Been using Claude Code on Max for a few weeks and kept running into rate limits by early afternoon. Same tasks as colleagues who weren’t hitting limits at all. Figured it was just quota differences, but it turns out the issue was entirely on my end.
Anthropic just published an engineering post explaining how Claude Code’s cost structure actually works, and it changed how I use the tool.
The core mechanic: every request is built as a prefix chain (system prompt → tools → project docs → messages). The API caches that chain. If the prefix matches on the next request, those tokens cost 1/10 the normal price. If anything in the prefix changes, the cache invalidates from that point forward — full price recalculation.
The things I was doing that were silently killing my cache:
-
Switching between Sonnet and Opus mid-conversation with
/model. Cache is model-bound, so every switch wiped everything I’d accumulated. -
Opening a new
claudesession for every task instead of continuing the previous one. -
Adding MCP tools mid-session when I needed them. Tool definitions are part of the cached prefix.
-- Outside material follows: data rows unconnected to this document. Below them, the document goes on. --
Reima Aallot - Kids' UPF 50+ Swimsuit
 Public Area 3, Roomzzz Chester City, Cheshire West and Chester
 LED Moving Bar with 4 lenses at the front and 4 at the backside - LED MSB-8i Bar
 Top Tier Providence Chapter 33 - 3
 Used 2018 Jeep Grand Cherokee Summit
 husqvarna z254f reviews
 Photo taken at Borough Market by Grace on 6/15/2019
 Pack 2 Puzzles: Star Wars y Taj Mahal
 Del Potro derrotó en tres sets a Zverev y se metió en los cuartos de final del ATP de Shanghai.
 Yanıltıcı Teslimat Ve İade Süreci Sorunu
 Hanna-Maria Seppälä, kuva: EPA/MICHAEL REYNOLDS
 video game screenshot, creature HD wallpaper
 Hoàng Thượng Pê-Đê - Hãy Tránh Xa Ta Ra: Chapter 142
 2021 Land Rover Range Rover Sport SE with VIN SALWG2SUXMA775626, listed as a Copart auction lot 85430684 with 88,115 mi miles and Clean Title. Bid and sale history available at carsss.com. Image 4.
The fix that made the biggest difference: claude --resume. It restores your last session and picks up the cache chain where it left off. I’d never used it before.
Also: long conversations actually get cheaper over time because of how Claude Code’s compaction works. I was doing the opposite — short sessions, frequent restarts — which meant I was always paying full price for the first turns.
Full writeup here if you want the details:
https://www.anthropic.com/engineering/claude-code-prompt-caching
Curious if others have noticed the model-switching issue specifically — that one surprised me the most.